As the kernel archive debates replacing .bz2 files with .xz, I took a brief glance at xz. My test was to take a tarball of the linux kernel source (made from a recent git tree, but excluding the .git directory):

     linux.2.6.tar 395M

For a comparison, bzip2 -9, rzip -9 (which uses bzip2 after finding distant matches), and xz:

     linux.2.6.tar.bz2 67M
     linux.2.6.tar.rz 65M
     linux.2.6.tar.xz 55M

So, I hacked rzip with a -R option to output non-bzip'd blocks:

     linux.2.6.tar.rawrz 269M

Xz on this file simulates what would happen if rzip used xz instead of libbz2:

     linux.2.5.tar.rawrz.xz 57M

Hmm, it makes xz worse!  OK, what if we rev up the conservative rzip to use 1G of memory rather than 128M max?  And the xz that?

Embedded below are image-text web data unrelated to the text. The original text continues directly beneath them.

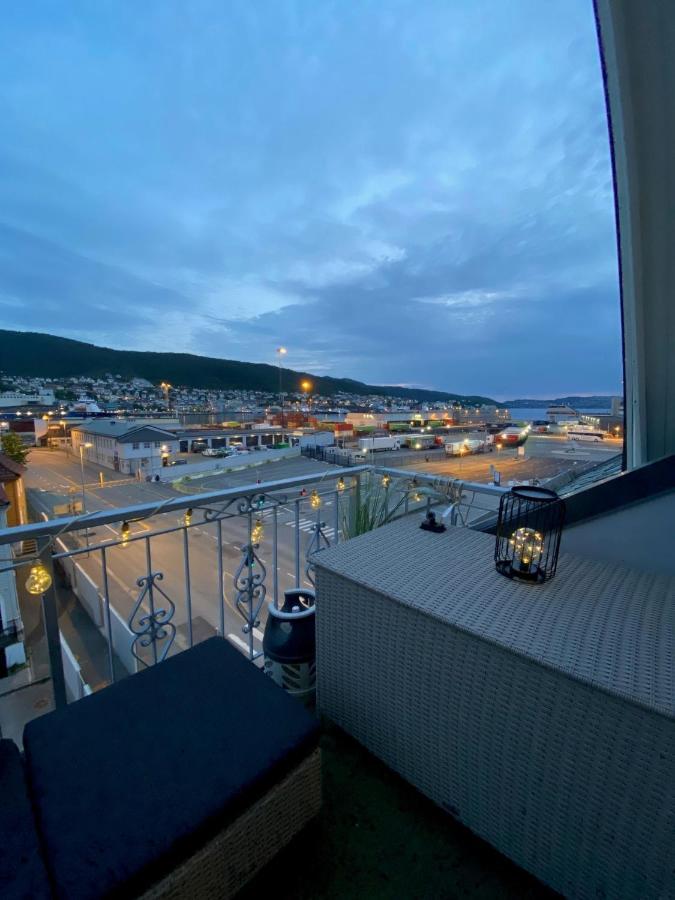 Apartment Penthouse With Private Balcony In The City Centre Of Bergen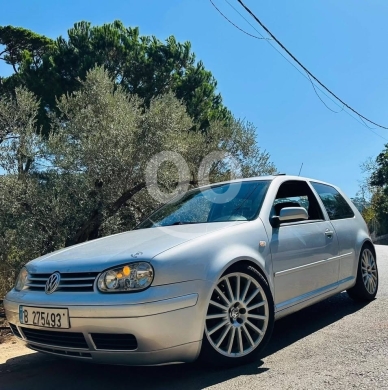 Volkswagen dans Beyrouth - Golf model 2002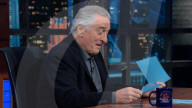 PEOPLE - Robert De Niro interviewt sich selbst bei Talkshow
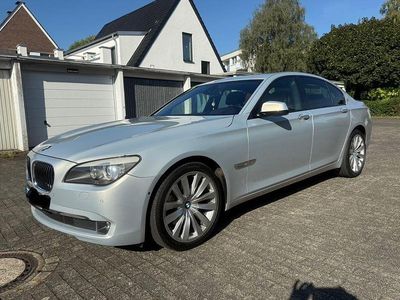 BMW 730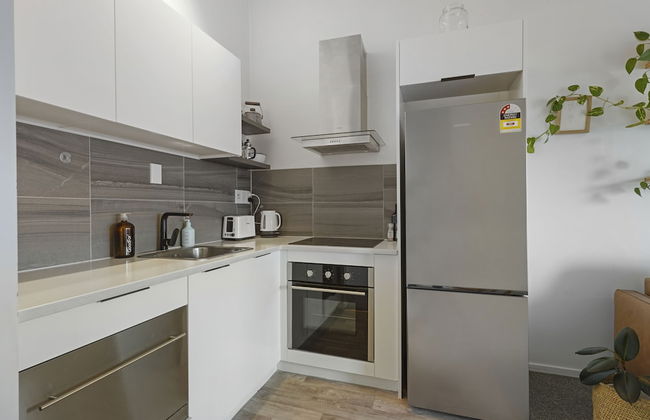 Central Quiet 2BR Apt - Wifi - Parking - Foto 9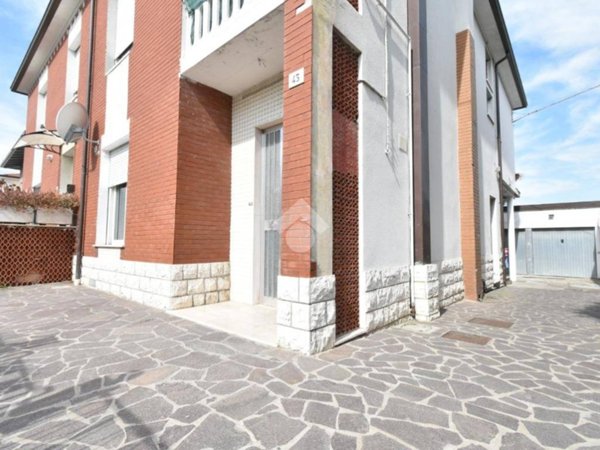 casa indipendente in vendita a Savignano sul Rubicone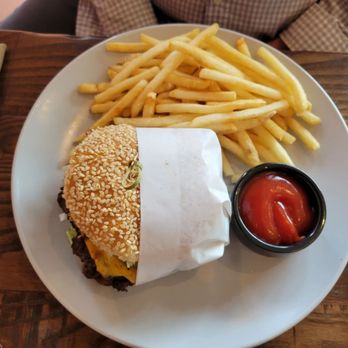 NAPA Kitchen and Wine - Smash burger and fries - Breakfast & Brunch Near Me - Midlothian, Virginia NAPA Kitchen and Wine - Smash burger and fries - Breakfast & Brunch Near Me - Midlothian, Virginia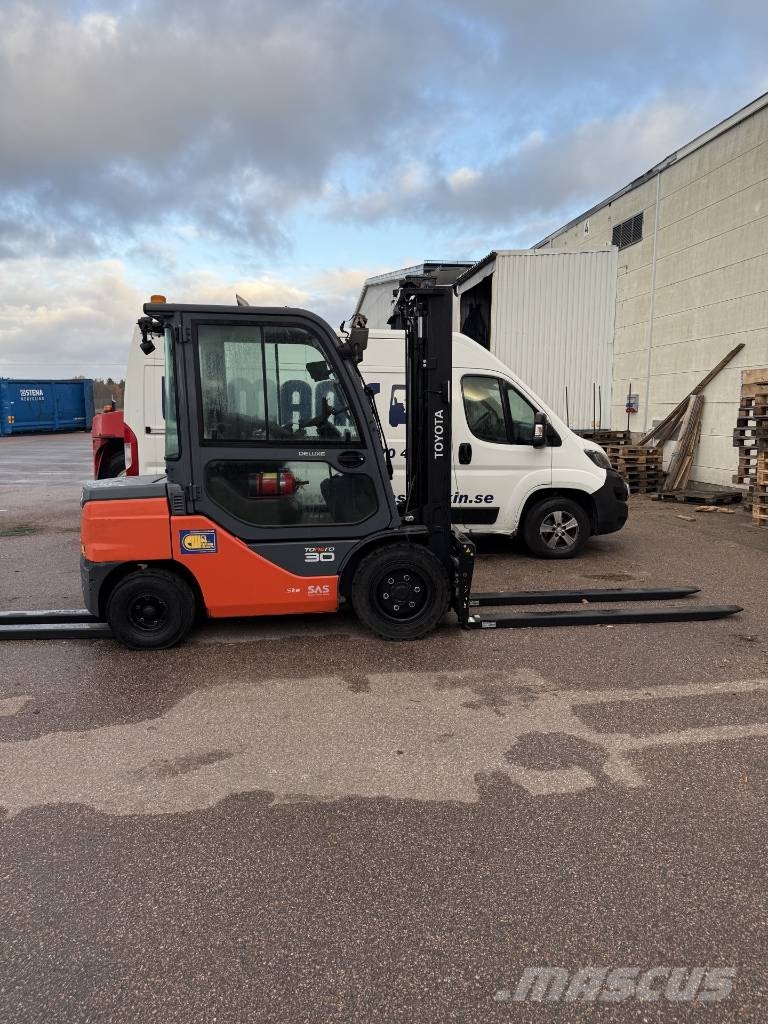 Toyota truck 8FDF30 Dieselstapler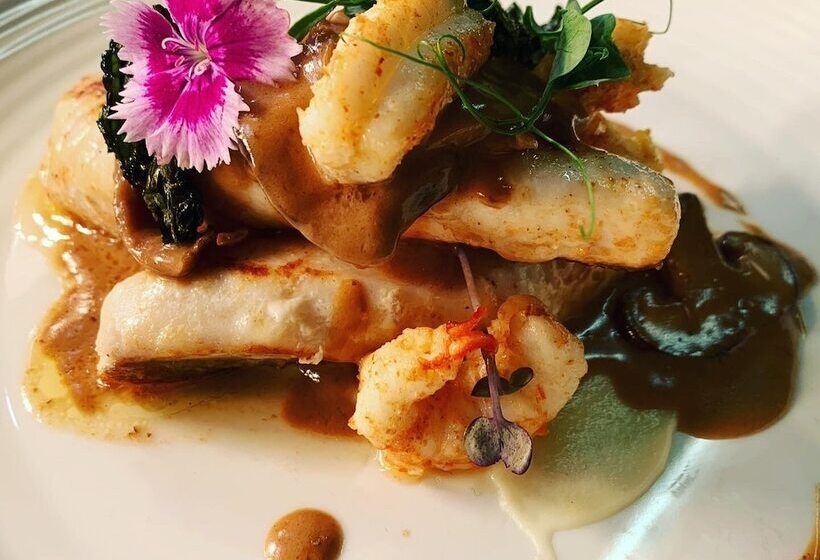 Пансион The Old Mill Inn Brodie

     linux.2.6.tar.rawrz 220M
     linux.2.6.tar.rawrz.xz 58M

It actually gets worse as rzip does more work, implying xz is finding quite long-distance matches (bzip2 won't find matches over more than 900k).  So, rzip could only have benefit over xz on really huge files: but note that current rzip is limited on filesize to 4G so it's a pretty small useful window.